グローバルなHER2CLIMB試験において、複数の前治療歴があり、局所進行/転移を有するHER2+乳がん患者に対するトラスツズマブ+カペシタビン+tucatinib併用療法は、臨床的に有意な有効性を示し、忍容性も良好であったことが報告されている。今回は、主に日本から患者を登録したHER2CLIMB-03試験の有効性と安全性が報告された。
・試験デザイン:第II相単群試験
・対象:タキサン、トラスツズマブ、ペルツズマブ、T-DM1による治療後に病勢進行が認められた局所進行/転移を有するHER2+乳がん患者(ECOG PS 0/1)
・スケジュール:tucatinib(1日2回300mg、経口投与)+トラスツズマブ(21日ごとに6mg/kg[1サイクル目の1日目は8mg/kg]、静脈内投与)+カペシタビン(21日ごとの1~14日まで1日2回1,000mg/m2、経口投与)
・評価項目:
[主要評価項目]日本人集団における独立中央判定(ICR)による確定奏効率(cORR)
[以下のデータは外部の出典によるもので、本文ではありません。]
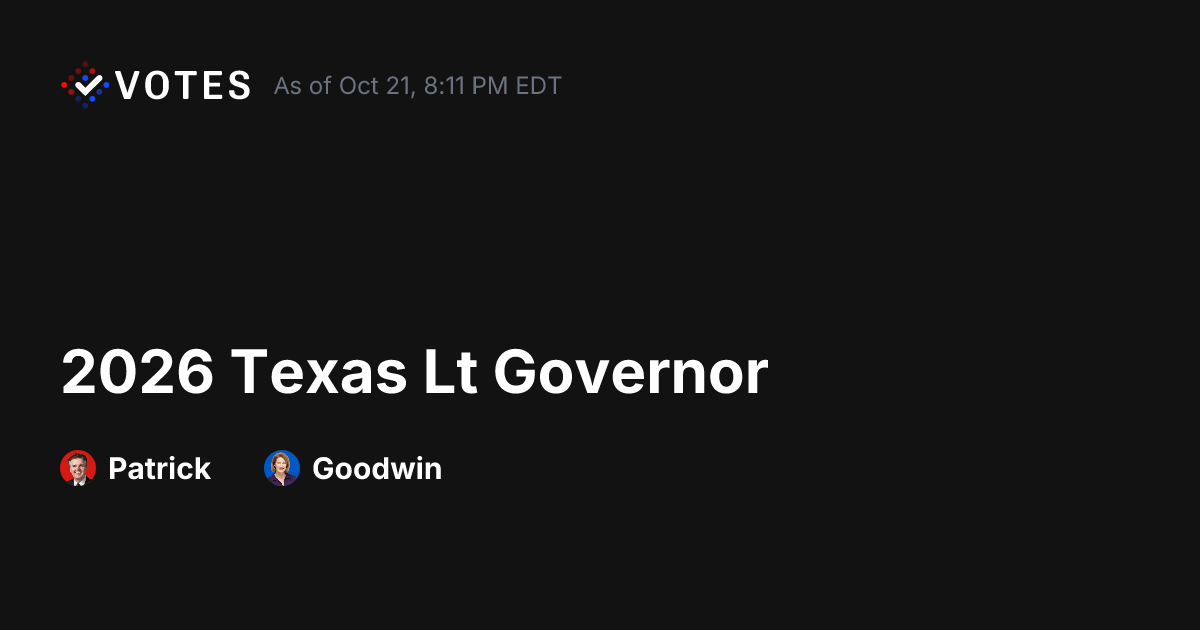 2026 Texas Lt Governor General Election Results | DDHQ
[副次評価項目]全体集団におけるICRによるcORR、奏効期間(DOR)、無増悪生存期間(PFS)、全生存期間(OS)、安全性
・データカットオフ:2023年7月17日
主な結果は以下のとおり。
・合計66例(日本53例、韓国10例、台湾3例)が1サイクル以上の治療を受けた。全例が女性で、年齢中央値は53歳(範囲:31~84)、ECOG PS 0は77%、HR+は42.4%、HR-は48.5%、Stage IVは47.0%、内臓疾患を有したのは63.6%、転移に対する前治療ライン数中央値は3であった。
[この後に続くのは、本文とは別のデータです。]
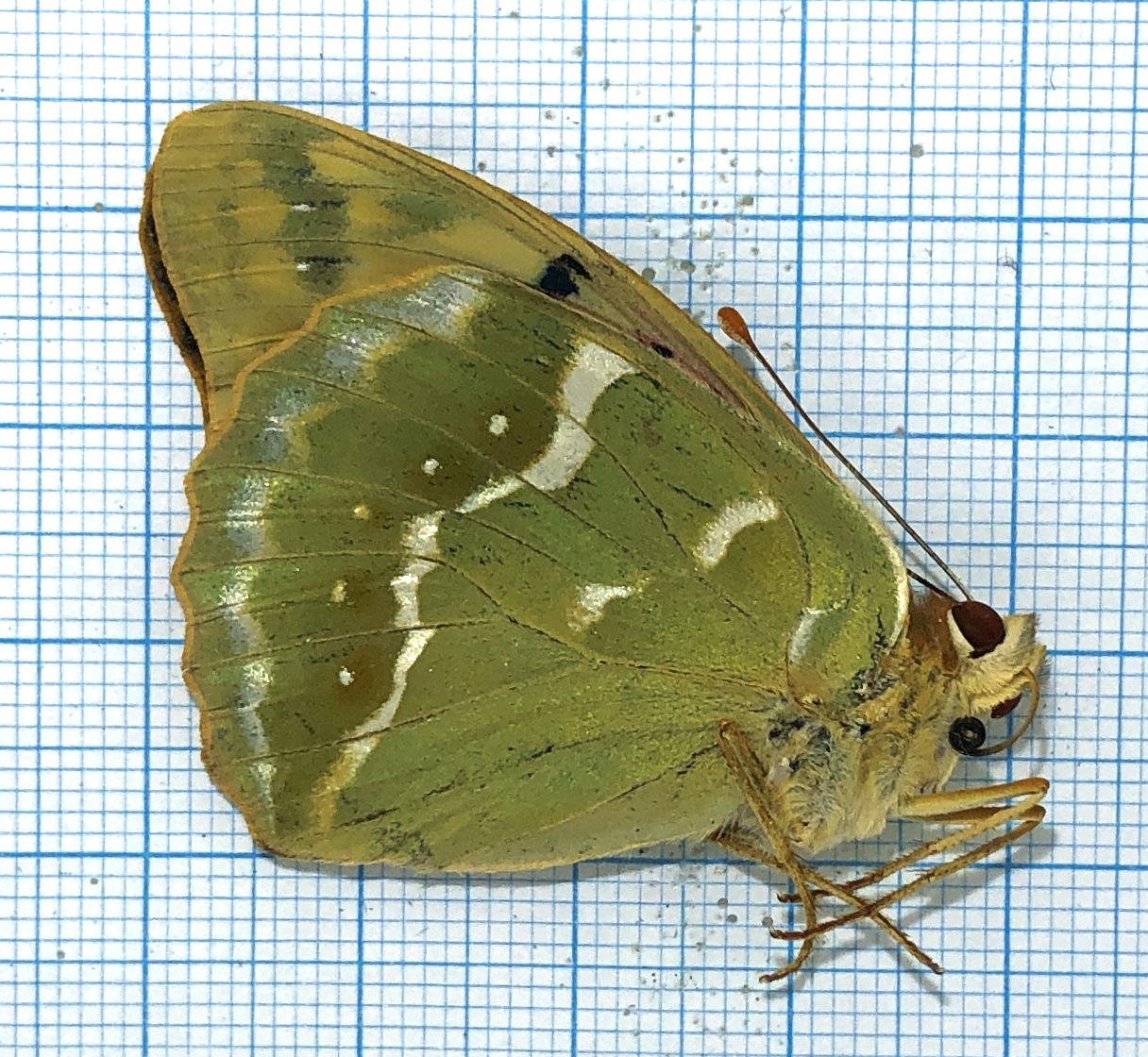 Argynnis pandora, pair, Georgia
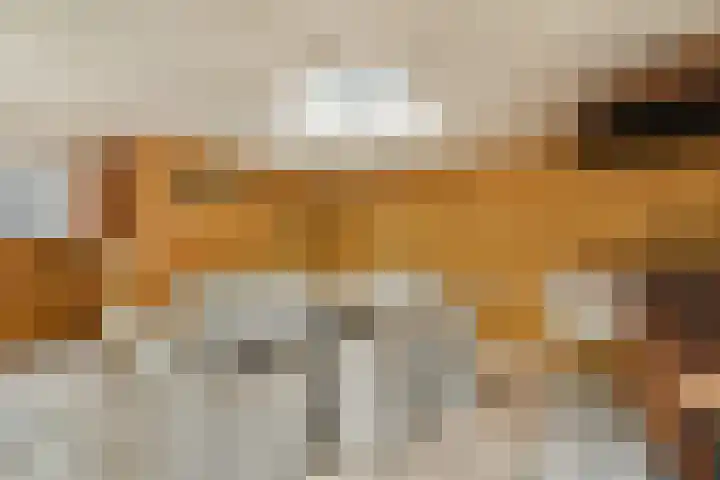 Koekkoekhof 4 Rhoon thumbnail 30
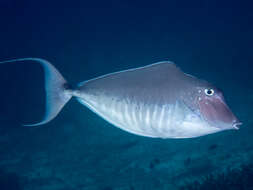 Image of Humpback Unicornfish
・データカットオフ時に評価可能であった日本人集団(48例)のcORR率は35.4%(90%信頼区間[CI]:24.0~48.3)、全体集団(60例)では40.0%(29.3~51.4)であった。
・DOR中央値は、日本人集団8.3カ月(90%CI:6.2~8.5)、全体集団8.5ヵ月(6.2~12.4)であった。
・PFS中央値は、日本人集団7.4カ月(90%CI:5.3~7.6)、全体集団6.4ヵ月(5.3~7.5)であった。
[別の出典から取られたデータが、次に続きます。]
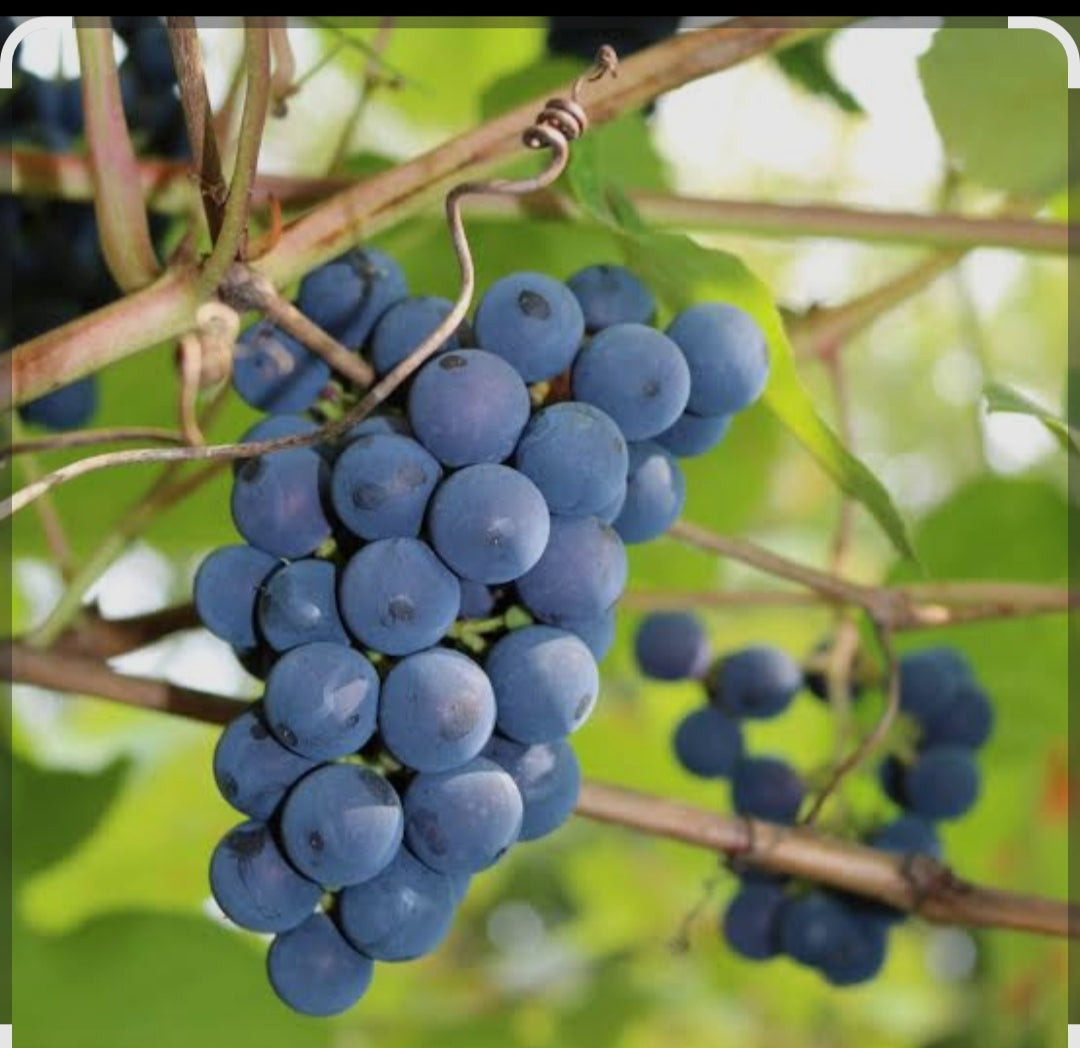 Black grapes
・12ヵ月OS率は、日本人集団80.2%、全体集団82.5%であった。
・試験治療下における有害事象(TEAE)は全例で認められた(投与期間中央値7.6ヵ月)。Grade≧3のTEAEは日本人集団49.1%および全体集団43.9%に発現し、重篤なTEAEは11.3%および9.1%に発現した。Grade≧3のTEAEで多かったのは、ALT増加(15.2%)、好中球数減少(10.6%)、AST増加(9.1%)、貧血(7.6%)であった。
これらの結果より、中山氏は「トラスツズマブとカペシタビンへのtucatinib追加は、前治療歴があり、局所進行/転移を有するHER2+乳がんの日本人、韓国人、台湾人の集団において良好な有効性と安全性を示した。HER2CLIMB-03試験の結果はグローバルなHER2CLIMB試験と一貫したものであり、tucatinib+トラスツズマブ+カペシタビンはアジア人においても今後の治療選択肢として支持されるものである」とまとめた。